DiaColloDB/DiaColloDB/Corpus/Compiled.pod
##========================================================================
## POD DOCUMENTATION, auto-generated by podextract.perl
##========================================================================
## NAME
=pod
=head1 NAME
DiaColloDB::Corpus::Compiled - collocation db, source corpus (pre-compiled)
=cut
##========================================================================
## SYNOPSIS
=pod
=head1 SYNOPSIS
##========================================================================
## PRELIMINARIES
use DiaColloDB::Corpus::Compiled;
##========================================================================
## Constructors etc.
$corpus = $CLASS_OR_OBJECT->new(%args);
##========================================================================
## Persistent API
@keys = $obj->headerKeys();
@files = $obj->diskFiles();
$bool = $obj->unlink(%opts);
##========================================================================
## Corpus API
##-- Corpus API: open/close
$bool = $corpus->open([$dbdir], %opts); ##-- compat;
$bool = $corpus->close();
##-- Corpus API: iteration
$nfiles = $corpus->size();
$bool = $corpus->iok();
$label = $corpus->ifile();
$doc_or_undef = $corpus->idocument();
##========================================================================
## Compiled API
$ccorpus = $CLASS_OR_OBJECT->create($src_corpus, %opts);
$ccorpus = $CLASS_OR_OBJECT->union(\@sources, %opts);
##========================================================================
## Convenience Methods
$bool = $corpus->opened();
$bool = $corpus->flush();
$corpus = $corpus->reopen(%opts);
$dirname = $corpus->datadir();
$bool = $corpus->truncate();
$filters = $ccorpus->filters();
=cut
##========================================================================
## DESCRIPTION
=pod
=head1 DESCRIPTION
DiaColloDB::Corpus::Compiled is an intermediate abstraction layer
for storing pre-filtered corpus data in a format suitable for fast I/O.
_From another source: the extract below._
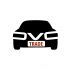 Логотип ИМ автомобильных компонентов - дизайнер flashbrowser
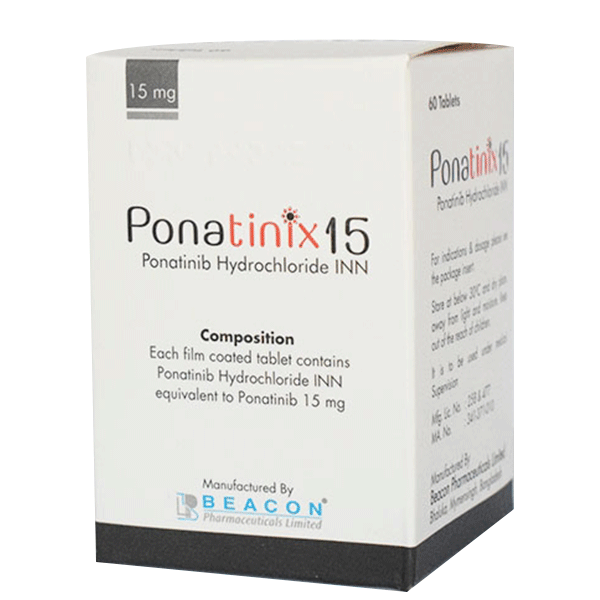 ponatinix-ponatinib-15-mg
It should not be necessaray for end users to use this class directly,
since the L<DiaColloDB::create()|DiaColloDB::compile/create> method should
implicitly create a (temporary) C<DiaColloDB::Corpus::Compiled> object
whenever required.
=cut
##----------------------------------------------------------------
## DESCRIPTION: DiaColloDB::Corpus::Compiled: Globals & Constants
=pod
=head2 Globals & Constants
=over 4
=item Variable: @ISA
C<DiaColloDB::Corpus::Compiled>
inherited from L<DiaColloDB::Corpus|DiaColloDB::Corpus>
and supports all L<DiaColloDB::Corpus|DiaColloDB::Corpus> methods.
=back
=cut
##----------------------------------------------------------------
## DESCRIPTION: DiaColloDB::Corpus::Compiled: Constructors etc.
=pod
=head2 Constructors etc.
=over 4
=item new
$corpus = $CLASS_OR_OBJECT->new(%args);
%args, object structure:
(
##-- NEW in DiaColloDB::Corpus::Compiled
dbdir => $dbdir, ##-- data directory for compiled corpus
flags => $flags, ##-- open mode flags (fcntl flags or perl-style; default='r')
filters => \%filters, ##-- corpus filters ( DiaColloDB::Corpus::Filters object or HASH-ref )
njobs => $njobs, ##-- number of parallel worker jobs for create(); default=-1 (= nCores)
temp => $bool, ##-- implicitly unlink() on exit?
logThreads => $level ##-- log-level for thread stuff (default='off')
##
##-- INHERITED from DiaColloDB::Corpus
#files => \@files, ##-- source files (OVERRIDE: unused)
#dclass => $dclass, ##-- DiaColloDB::Document subclass for loading (OVERRIDE forces 'DiaColloDB::Document::JSON')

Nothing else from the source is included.